Brian J Mingus wrote:
> Yep! And since this is not a democracy I wonder who at Ubuntu has authorized
> the demise of the REVU system? Isn't it part of Canonical's Ubuntu vision
> and hasn't at least one paid employee been asked to do it? Wasn't that
> person supervised by someone and did they drop the ball?
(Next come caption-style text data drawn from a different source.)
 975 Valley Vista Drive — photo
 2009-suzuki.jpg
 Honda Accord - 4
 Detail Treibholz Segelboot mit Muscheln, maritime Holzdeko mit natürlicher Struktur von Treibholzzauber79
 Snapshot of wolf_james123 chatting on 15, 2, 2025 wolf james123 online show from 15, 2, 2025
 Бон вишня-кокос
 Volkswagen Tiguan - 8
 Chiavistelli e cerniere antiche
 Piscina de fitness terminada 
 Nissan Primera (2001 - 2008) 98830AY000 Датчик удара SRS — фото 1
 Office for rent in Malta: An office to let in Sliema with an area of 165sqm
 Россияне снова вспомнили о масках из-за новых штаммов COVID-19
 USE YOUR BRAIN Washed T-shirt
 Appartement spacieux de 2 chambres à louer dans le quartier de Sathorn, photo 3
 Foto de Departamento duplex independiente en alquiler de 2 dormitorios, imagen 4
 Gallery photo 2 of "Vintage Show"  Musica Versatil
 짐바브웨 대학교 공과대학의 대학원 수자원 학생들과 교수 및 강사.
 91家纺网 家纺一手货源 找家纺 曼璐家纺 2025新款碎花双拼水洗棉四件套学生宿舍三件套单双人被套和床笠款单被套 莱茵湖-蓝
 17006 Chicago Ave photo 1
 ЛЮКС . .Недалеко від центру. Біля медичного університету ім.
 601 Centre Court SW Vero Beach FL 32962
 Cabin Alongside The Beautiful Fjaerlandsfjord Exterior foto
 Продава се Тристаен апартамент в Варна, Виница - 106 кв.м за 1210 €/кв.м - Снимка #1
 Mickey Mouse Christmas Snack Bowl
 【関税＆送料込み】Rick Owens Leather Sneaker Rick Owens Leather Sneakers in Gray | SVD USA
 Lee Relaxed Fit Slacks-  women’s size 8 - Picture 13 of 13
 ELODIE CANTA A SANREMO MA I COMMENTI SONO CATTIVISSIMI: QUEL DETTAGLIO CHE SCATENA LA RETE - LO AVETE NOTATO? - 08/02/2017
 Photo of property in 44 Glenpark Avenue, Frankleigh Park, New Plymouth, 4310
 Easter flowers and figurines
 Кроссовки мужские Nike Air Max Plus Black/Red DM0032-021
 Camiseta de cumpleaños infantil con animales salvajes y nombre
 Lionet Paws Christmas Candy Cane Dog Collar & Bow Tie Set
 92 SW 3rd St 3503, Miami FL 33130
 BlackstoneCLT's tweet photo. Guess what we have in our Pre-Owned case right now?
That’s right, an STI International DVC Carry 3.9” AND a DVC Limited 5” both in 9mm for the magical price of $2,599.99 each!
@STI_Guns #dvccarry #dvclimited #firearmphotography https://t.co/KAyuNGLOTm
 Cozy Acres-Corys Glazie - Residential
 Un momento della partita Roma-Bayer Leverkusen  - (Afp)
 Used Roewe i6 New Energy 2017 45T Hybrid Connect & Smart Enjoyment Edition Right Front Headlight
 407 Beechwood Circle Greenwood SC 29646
Not to point
> fingers I have no idea how those things work - I just think its an
> unfortunate thing.

    Nobody "authorised" the demise of the REVU system.  It was created
by volunteers to facilitate review of packages.  REVU has never been
overseen by Canonical, and I do not believe that any Canonical staff
have ever been assigned to ensure it goes smoothly (although I may be
mistaken).  REVU's infastructue is provided by UbuntuWire, as a result
of support from Department of Computer Science 4, Friedrich-Alexander
University, Erlangen-Nuremberg.

    The key consideration is that MOTU consists *entirely* of
volunteers.  Some of us happen to also be paid for other work they do
in open source or in Ubuntu, but nobody is paid to be MOTU.  So long
as MOTU remains the group that oversees REVU, REVU processing by MOTU
will only happen when individual MOTU are sufficiently interested in
processing that queue.

    As Eliot pointed out, one of the best ways to help keep this queue
in shape is to participate in the review of submitted packages.  As
Benjamin pointed out, working *also* with Debian is a great way to get
packages into Ubuntu.  If you'd like to help, please set to reviewing
and improving packages on REVU, and helping get them assigned a
maintainer and in Debian.  If you've questions along the way, please
join us in #ubuntu-motu on freenode: it's a rare time of day someone
won't be happy to help with any questions you have.